Recently, I took a bus to a doctor appointment. I was sitting on a newspaper left behind. A guy pointed to the paper and said,”Are you reading that”? I said, “Yes I am.” Then I stood up, turned the page and sat down again.
Sometimes we ask or say some of the most ridiculous things. Its what made comedian Bill Engvall famous. “Here’s your sign”. I was hanging out with him once and he said that he fell victim to his own routine once. He was walking out of a mall and saw a guy trying to open his car door with a coat hanger. Engvall said, “Locked your keys in the car”? The guy said, “Nope. I just washed it and I’m hanging it out to dry”.
It has been said that there are no stupid questions. I disagree. I’ve heard lots of them. After a show one night, these two drunk guys were at the bar. I heard one guy ask the other if he thought he could buy Mars so he could make a lot of money when people went to live there. The other guy said it was impossible. The first guy said,”Why”? The other guy said, “Because I’m not going to sell it to you”.

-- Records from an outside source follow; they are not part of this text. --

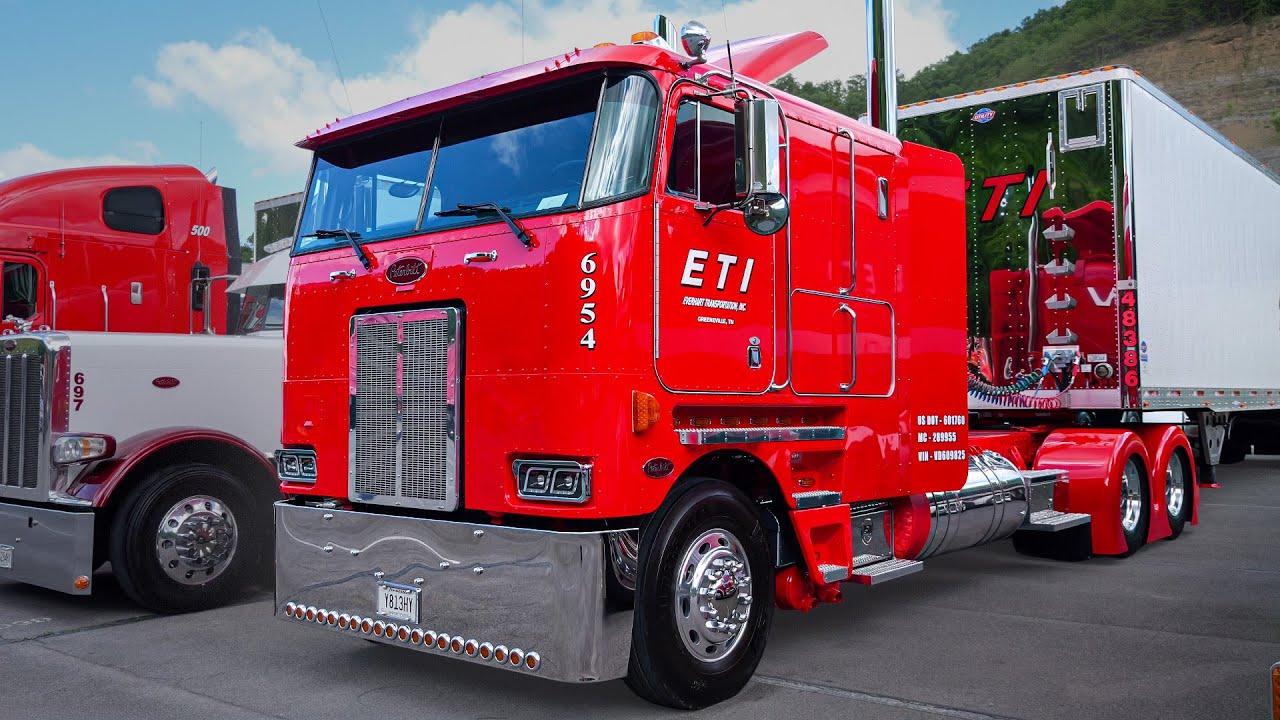 Cline Everhart's rare, low-mileage 1997 Peterbilt 362E: New marker of 'end of the cabover era'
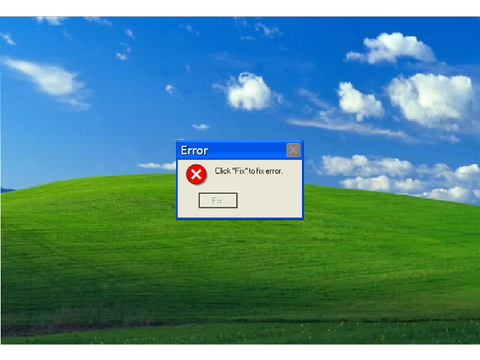 Windos Xp Glitch remix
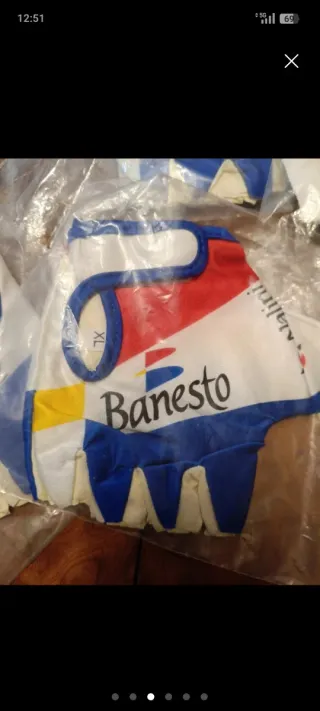 Guantes ciclismo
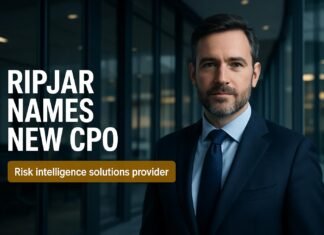 Risk Intelligence Solutions — Risk Intelligence Solutions: Ripjar Names New CPO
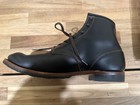 Redwing 9060 Flatbox Beckman - Klondike Teacore Leather Black 13d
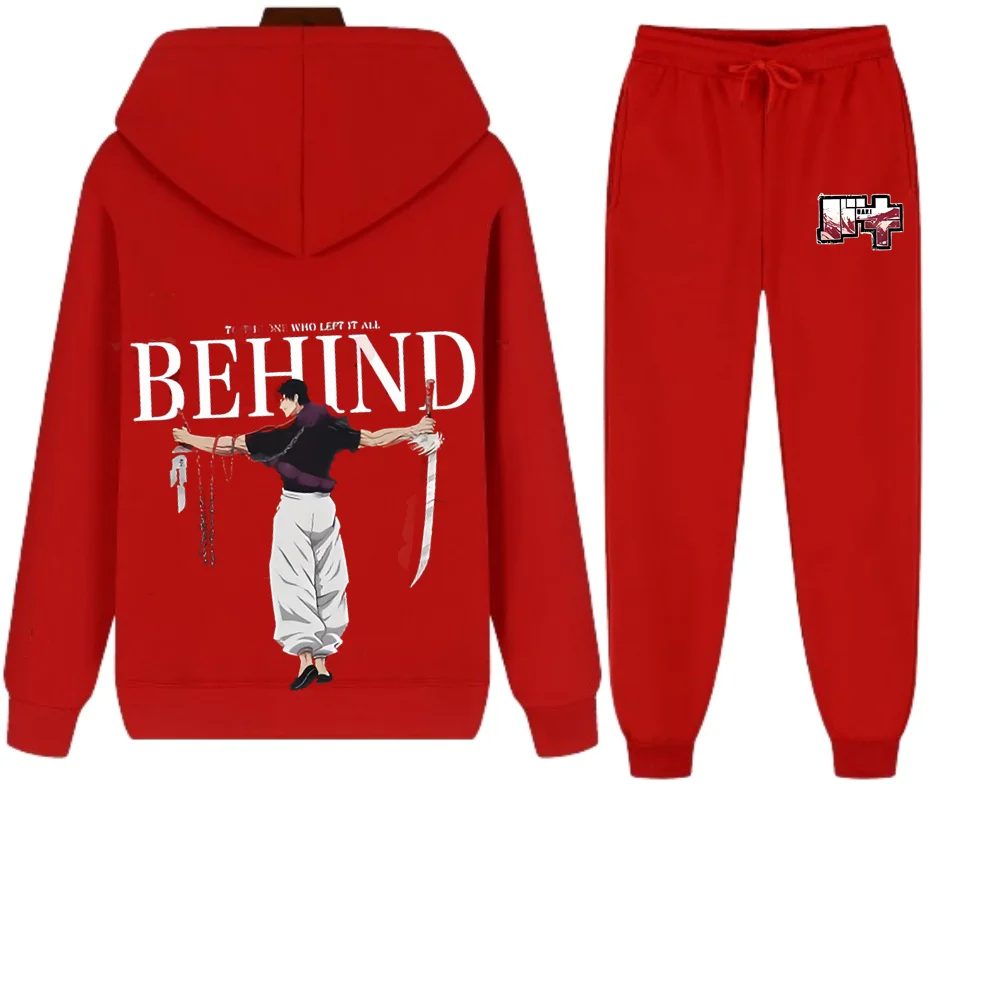 

Personality Men Fashion Trend Design Spring And Autumn New Hoodie Printing Hoodies Long Sleeve Couple Casual Sports Outdoor Suit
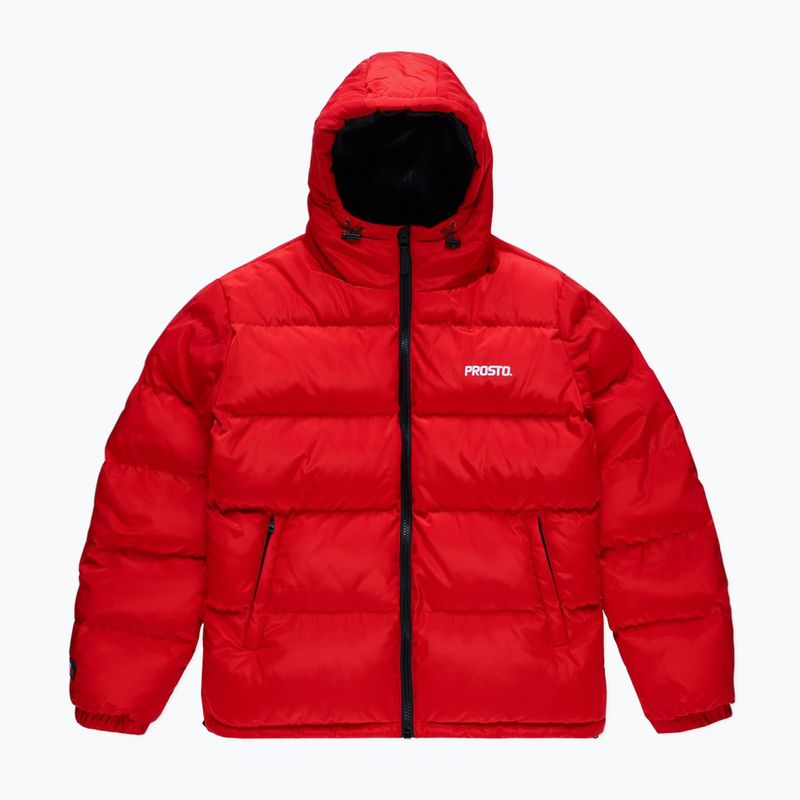 Winterjacke Herren PROSTO Winter Adament rot KL222MOUT113 10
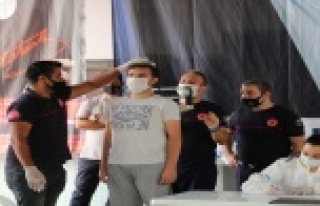 100 kişilik itfaiye eri kadrosu için yaklaşık...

Many people are also very gullible. I told a friend once that gullible was not in the dictionary. The next day she wouldn’t even talk to me. I left a message at the hotel where my boss and I were staying. It read, “There is a very angry customer who wants to speak to you”.
easily persuaded to believe something; credulous.
I put the phone number on the bottom and said his name was Mr. C. Lyon. He called late that night and kept insisting on talking to the man. Finally, the guy said, “Look buddy, I’m a security guard and this is Sea World”. Probably not a good career move.